Load packages

library(dplyr)
library(ggplot2)
library(magrittr)
library(readr)

Load data

en <- read_tsv("en.tsv") %>%
    mutate(Language = "English", Proportion = Count / sum(Count))
fr <- read_tsv("fr.tsv") %>%
    mutate(Language = "French", Proportion = Count / sum(Count))
data <- rbind(en, fr)
glimpse(data)
## Observations: 50
## Variables: 4
## $ Length     <int> 1, 2, 3, 4, 5, 6, 7, 8, 9, 10, 11, 12, 13, 14, 15, ...
## $ Count      <int> 1, 140, 853, 3130, 6919, 11492, 16882, 19461, 16693...
## $ Language   <chr> "English", "English", "English", "English", "Englis...
## $ Proportion <dbl> 9.125586e-06, 1.277582e-03, 7.784125e-03, 2.856309e...
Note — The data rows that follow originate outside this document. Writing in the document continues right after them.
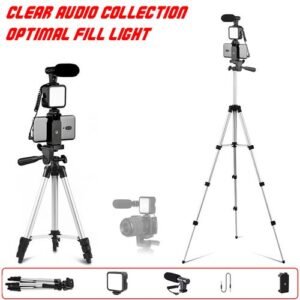 Phone Vlog Video Kit With Height Adjustable Tripod..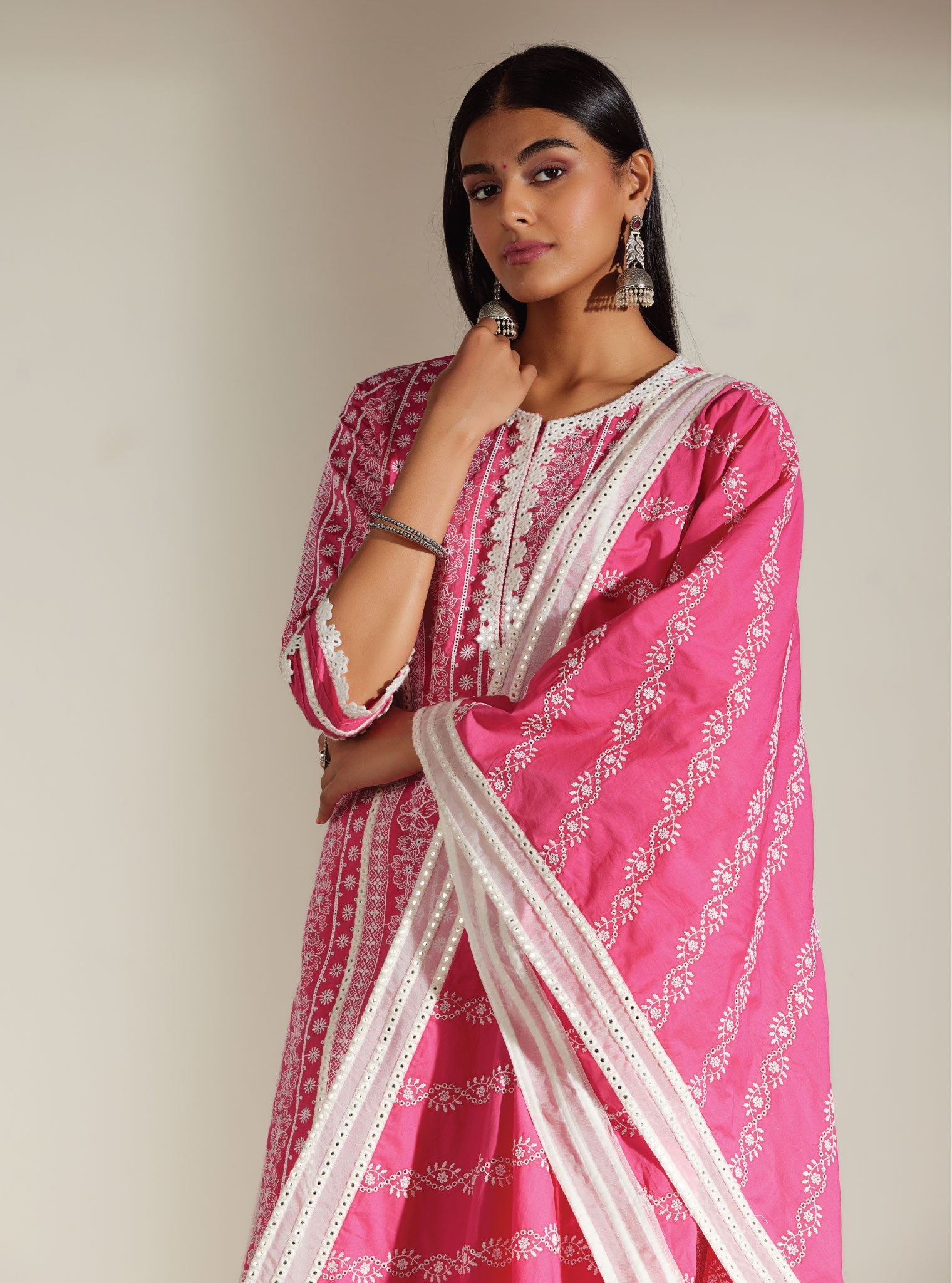 Mulmul Cotton Shiloh Pink Dupatta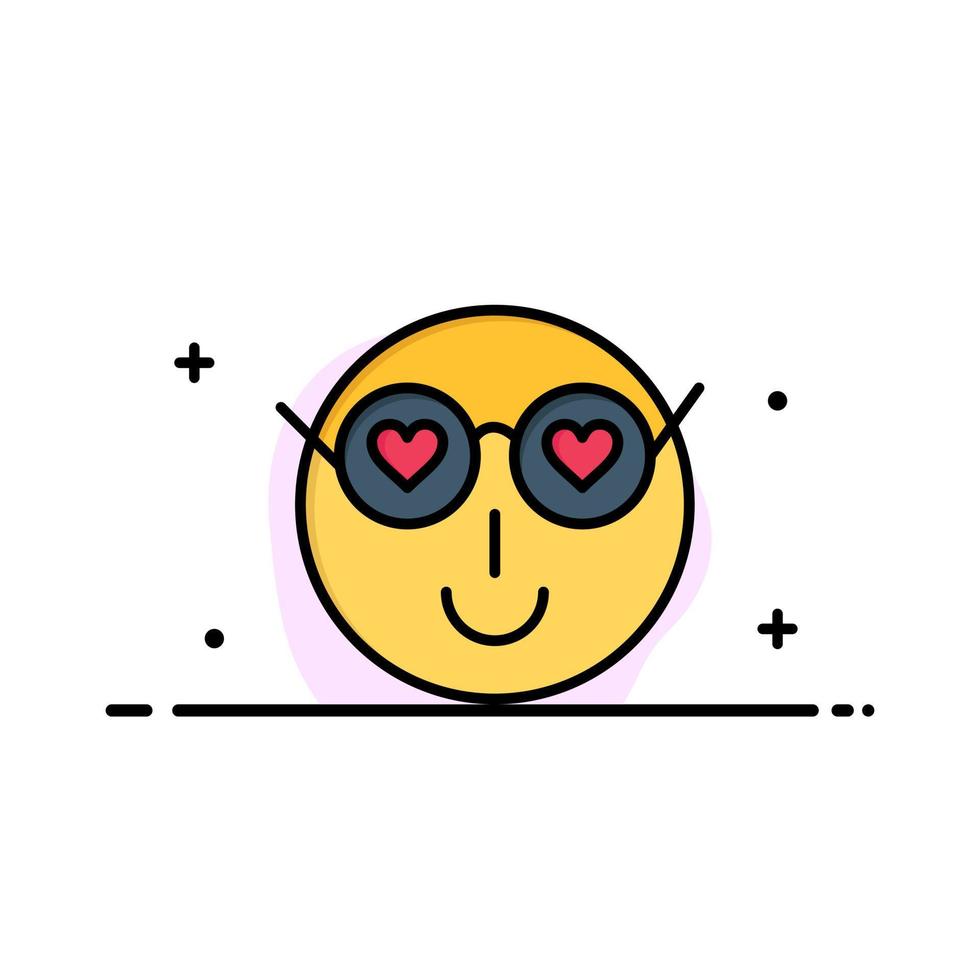 smiley emojis amor lindo usuario negocio línea plana lleno icono vector banner plantilla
Plot word length frequency

ggplot(data) +
    aes(x = Length, y = Proportion, colour = Language) +
    geom_point() + geom_line()

Perform KS test and Wilcoxan test

en_length <- en %$% rep.int(Length, Count)
fr_length <- fr %$% rep.int(Length, Count)
ks.test(en_length, fr_length)
## Warning in ks.test(en_length, fr_length): p-value will be approximate in
## the presence of ties
## 
##  Two-sample Kolmogorov-Smirnov test
## 
## data:  en_length and fr_length
## D = 0.33232, p-value < 2.2e-16
## alternative hypothesis: two-sided
wilcox.test(en_length, fr_length)
## 
##  Wilcoxon rank sum test with continuity correction
## 
## data:  en_length and fr_length
## W = 1.0546e+10, p-value < 2.2e-16
## alternative hypothesis: true location shift is not equal to 0
diff_median <- median(fr_length) - median(en_length)

The difference between the median word length of English and French is 2.